[Start of Attachment]

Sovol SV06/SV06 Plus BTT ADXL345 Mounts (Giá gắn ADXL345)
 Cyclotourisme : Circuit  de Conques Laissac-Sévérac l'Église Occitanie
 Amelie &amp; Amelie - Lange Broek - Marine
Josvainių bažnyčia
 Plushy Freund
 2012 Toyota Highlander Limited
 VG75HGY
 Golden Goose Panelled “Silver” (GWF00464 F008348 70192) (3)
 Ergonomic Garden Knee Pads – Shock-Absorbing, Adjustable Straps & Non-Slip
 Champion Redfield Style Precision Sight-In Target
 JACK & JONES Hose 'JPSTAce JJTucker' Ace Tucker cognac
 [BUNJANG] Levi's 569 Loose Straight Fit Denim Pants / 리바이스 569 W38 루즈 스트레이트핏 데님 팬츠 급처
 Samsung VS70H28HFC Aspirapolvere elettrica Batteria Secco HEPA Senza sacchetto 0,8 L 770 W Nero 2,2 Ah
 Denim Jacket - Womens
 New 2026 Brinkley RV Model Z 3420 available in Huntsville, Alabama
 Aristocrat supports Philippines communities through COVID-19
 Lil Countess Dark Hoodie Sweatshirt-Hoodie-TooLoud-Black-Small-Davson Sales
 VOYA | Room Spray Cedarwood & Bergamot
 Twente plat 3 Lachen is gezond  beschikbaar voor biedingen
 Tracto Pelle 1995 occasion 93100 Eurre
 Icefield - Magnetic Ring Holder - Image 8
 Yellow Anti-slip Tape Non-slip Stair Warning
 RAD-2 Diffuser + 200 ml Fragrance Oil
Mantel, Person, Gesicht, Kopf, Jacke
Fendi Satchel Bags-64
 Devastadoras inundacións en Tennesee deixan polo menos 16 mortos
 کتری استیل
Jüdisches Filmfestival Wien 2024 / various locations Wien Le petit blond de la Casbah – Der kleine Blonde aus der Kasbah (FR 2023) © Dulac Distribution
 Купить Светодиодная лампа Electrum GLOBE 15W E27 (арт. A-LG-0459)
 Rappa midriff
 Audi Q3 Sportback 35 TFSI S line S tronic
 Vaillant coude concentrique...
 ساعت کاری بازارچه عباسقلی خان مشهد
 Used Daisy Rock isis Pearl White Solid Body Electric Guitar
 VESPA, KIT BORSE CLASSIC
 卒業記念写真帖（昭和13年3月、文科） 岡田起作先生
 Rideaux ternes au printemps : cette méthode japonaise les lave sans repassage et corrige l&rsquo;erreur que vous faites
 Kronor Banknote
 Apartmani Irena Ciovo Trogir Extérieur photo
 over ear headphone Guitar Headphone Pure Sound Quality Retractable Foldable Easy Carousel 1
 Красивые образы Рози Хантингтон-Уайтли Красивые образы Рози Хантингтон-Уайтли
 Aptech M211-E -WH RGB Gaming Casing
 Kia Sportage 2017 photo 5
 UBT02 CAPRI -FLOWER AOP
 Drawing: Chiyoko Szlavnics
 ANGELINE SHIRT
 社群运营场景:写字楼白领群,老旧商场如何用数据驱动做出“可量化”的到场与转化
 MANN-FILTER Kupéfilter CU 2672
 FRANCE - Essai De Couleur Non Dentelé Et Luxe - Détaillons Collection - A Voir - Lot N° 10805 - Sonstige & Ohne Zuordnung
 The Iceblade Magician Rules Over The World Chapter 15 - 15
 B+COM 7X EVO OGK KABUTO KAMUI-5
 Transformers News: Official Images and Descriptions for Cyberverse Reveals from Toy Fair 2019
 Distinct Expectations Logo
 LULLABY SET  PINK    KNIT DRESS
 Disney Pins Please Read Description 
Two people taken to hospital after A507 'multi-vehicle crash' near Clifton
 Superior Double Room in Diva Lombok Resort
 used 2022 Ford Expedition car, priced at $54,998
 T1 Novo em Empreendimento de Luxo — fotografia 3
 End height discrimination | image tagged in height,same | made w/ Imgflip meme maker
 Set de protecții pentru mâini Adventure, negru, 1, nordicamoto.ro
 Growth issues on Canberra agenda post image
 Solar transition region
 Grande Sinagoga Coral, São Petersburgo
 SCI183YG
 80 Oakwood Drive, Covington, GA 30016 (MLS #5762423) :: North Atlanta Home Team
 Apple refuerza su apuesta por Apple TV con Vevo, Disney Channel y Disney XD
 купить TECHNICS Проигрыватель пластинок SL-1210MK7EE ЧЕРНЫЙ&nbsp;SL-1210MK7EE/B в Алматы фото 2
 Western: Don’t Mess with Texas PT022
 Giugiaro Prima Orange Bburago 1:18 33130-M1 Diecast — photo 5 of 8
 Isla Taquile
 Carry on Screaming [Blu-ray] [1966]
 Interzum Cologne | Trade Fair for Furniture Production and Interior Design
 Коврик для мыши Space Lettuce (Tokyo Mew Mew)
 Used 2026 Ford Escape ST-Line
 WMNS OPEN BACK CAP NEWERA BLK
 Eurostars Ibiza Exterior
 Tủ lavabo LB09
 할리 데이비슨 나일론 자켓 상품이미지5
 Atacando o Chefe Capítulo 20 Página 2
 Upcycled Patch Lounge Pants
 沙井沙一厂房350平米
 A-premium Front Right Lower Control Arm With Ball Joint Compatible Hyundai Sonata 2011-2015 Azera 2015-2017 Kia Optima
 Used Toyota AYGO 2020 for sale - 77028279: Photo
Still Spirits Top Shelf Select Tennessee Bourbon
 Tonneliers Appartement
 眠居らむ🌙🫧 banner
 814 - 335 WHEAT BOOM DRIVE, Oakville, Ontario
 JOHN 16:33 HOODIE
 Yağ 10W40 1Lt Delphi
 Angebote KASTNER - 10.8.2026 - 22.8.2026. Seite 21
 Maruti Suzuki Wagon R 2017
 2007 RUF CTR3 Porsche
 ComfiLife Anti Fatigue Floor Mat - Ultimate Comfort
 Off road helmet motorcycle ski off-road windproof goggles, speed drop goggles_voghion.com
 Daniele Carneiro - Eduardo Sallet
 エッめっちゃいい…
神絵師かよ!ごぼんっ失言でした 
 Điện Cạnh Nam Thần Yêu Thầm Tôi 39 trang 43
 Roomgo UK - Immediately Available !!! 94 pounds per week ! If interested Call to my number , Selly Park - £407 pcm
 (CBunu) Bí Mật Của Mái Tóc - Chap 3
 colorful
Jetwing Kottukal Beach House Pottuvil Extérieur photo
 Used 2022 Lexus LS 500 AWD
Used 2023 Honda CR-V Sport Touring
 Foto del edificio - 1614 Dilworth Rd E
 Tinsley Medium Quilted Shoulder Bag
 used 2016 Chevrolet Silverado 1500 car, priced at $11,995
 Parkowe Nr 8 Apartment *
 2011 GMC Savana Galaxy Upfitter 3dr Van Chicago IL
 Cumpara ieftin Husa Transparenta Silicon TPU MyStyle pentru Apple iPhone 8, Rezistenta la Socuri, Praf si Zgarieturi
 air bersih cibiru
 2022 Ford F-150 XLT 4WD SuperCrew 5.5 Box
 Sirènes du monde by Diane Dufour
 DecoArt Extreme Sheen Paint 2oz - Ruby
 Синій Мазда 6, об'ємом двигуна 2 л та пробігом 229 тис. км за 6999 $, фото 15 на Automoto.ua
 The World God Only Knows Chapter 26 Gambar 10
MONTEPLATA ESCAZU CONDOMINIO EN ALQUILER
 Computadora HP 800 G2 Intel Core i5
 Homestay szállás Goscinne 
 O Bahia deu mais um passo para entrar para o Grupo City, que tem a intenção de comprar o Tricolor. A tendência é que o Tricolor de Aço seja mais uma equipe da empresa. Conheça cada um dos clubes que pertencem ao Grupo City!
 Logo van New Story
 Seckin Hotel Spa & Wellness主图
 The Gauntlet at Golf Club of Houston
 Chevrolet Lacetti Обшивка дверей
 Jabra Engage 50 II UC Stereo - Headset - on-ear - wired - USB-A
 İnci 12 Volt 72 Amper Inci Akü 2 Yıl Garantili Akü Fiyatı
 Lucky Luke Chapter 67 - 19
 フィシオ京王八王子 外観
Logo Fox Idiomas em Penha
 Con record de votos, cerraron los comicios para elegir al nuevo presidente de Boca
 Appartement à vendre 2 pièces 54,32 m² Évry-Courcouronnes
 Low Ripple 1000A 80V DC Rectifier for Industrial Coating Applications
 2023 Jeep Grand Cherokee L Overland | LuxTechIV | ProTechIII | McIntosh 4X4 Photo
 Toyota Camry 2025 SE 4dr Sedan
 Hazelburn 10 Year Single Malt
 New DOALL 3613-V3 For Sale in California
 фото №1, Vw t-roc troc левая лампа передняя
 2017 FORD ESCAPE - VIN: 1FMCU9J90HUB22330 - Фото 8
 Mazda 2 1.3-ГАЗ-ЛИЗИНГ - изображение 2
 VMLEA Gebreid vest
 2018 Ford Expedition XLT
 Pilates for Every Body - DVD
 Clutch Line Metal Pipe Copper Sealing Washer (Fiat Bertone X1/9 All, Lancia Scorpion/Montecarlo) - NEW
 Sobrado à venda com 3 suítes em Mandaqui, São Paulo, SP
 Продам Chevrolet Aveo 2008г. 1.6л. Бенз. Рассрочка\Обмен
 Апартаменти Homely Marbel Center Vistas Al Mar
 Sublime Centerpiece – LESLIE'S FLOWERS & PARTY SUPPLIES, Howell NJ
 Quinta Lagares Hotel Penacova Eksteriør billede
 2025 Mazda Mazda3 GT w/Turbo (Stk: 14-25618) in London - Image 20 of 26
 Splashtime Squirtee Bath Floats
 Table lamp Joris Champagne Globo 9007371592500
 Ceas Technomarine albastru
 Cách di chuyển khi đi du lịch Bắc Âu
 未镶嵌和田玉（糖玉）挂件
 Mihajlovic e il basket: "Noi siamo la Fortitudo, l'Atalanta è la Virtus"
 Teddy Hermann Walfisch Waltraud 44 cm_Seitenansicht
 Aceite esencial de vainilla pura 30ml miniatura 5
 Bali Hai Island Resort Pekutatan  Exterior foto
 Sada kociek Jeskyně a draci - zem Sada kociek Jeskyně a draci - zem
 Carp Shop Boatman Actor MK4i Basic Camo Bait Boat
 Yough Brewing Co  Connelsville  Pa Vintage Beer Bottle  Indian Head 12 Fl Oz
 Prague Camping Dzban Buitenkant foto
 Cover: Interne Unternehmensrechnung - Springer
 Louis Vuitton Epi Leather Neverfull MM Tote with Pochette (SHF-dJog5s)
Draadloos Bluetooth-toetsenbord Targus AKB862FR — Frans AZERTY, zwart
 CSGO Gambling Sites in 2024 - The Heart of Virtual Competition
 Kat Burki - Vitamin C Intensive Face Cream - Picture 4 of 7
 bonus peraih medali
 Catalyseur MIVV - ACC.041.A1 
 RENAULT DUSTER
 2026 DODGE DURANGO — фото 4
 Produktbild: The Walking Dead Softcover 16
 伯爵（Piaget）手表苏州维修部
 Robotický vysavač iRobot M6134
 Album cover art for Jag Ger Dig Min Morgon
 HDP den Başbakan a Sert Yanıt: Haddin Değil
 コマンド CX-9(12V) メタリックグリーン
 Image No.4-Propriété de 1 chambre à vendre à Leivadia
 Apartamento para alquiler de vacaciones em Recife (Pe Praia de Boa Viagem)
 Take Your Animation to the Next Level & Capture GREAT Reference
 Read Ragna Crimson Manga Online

[End of Attachment]

(TASK OBJECTIVE)
Go back to the listing above. Copy word for word the lines from the one with "MANN-FILTER Kupéfilter CU 2672" through the one with "Interzum Cologne |", and nothing more.

(EXERCISE SOLUTION)
 MANN-FILTER Kupéfilter CU 2672
 FRANCE - Essai De Couleur Non Dentelé Et Luxe - Détaillons Collection - A Voir - Lot N° 10805 - Sonstige & Ohne Zuordnung
 The Iceblade Magician Rules Over The World Chapter 15 - 15
 B+COM 7X EVO OGK KABUTO KAMUI-5
 Transformers News: Official Images and Descriptions for Cyberverse Reveals from Toy Fair 2019
 Distinct Expectations Logo
 LULLABY SET  PINK    KNIT DRESS
 Disney Pins Please Read Description 
Two people taken to hospital after A507 'multi-vehicle crash' near Clifton
 Superior Double Room in Diva Lombok Resort
 used 2022 Ford Expedition car, priced at $54,998
 T1 Novo em Empreendimento de Luxo — fotografia 3
 End height discrimination | image tagged in height,same | made w/ Imgflip meme maker
 Set de protecții pentru mâini Adventure, negru, 1, nordicamoto.ro
 Growth issues on Canberra agenda post image
 Solar transition region
 Grande Sinagoga Coral, São Petersburgo
 SCI183YG
 80 Oakwood Drive, Covington, GA 30016 (MLS #5762423) :: North Atlanta Home Team
 Apple refuerza su apuesta por Apple TV con Vevo, Disney Channel y Disney XD
 купить TECHNICS Проигрыватель пластинок SL-1210MK7EE ЧЕРНЫЙ&nbsp;SL-1210MK7EE/B в Алматы фото 2
 Western: Don’t Mess with Texas PT022
 Giugiaro Prima Orange Bburago 1:18 33130-M1 Diecast — photo 5 of 8
 Isla Taquile
 Carry on Screaming [Blu-ray] [1966]
 Interzum Cologne | Trade Fair for Furniture Production and Interior Design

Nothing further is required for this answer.